→ **What this task involves**
Check each line of the data below for the string "Steel", then state how many have it and nothing else.

→ **Data for processing**
▼

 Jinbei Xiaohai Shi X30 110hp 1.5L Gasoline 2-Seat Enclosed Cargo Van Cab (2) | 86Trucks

▲
▼

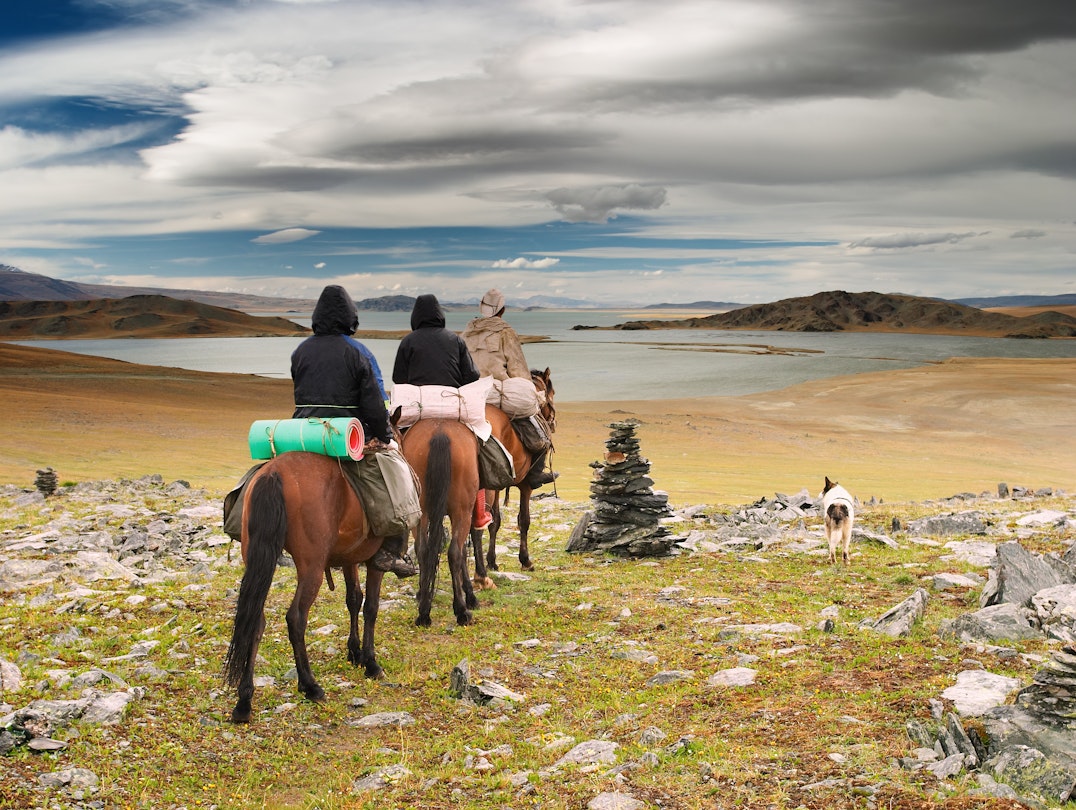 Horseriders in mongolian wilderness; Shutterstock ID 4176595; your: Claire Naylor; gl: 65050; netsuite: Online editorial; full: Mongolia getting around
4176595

▲
▼

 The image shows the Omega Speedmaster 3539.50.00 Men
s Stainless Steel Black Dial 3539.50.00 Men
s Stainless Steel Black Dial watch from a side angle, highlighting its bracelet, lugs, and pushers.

▲

→ **Answer**
2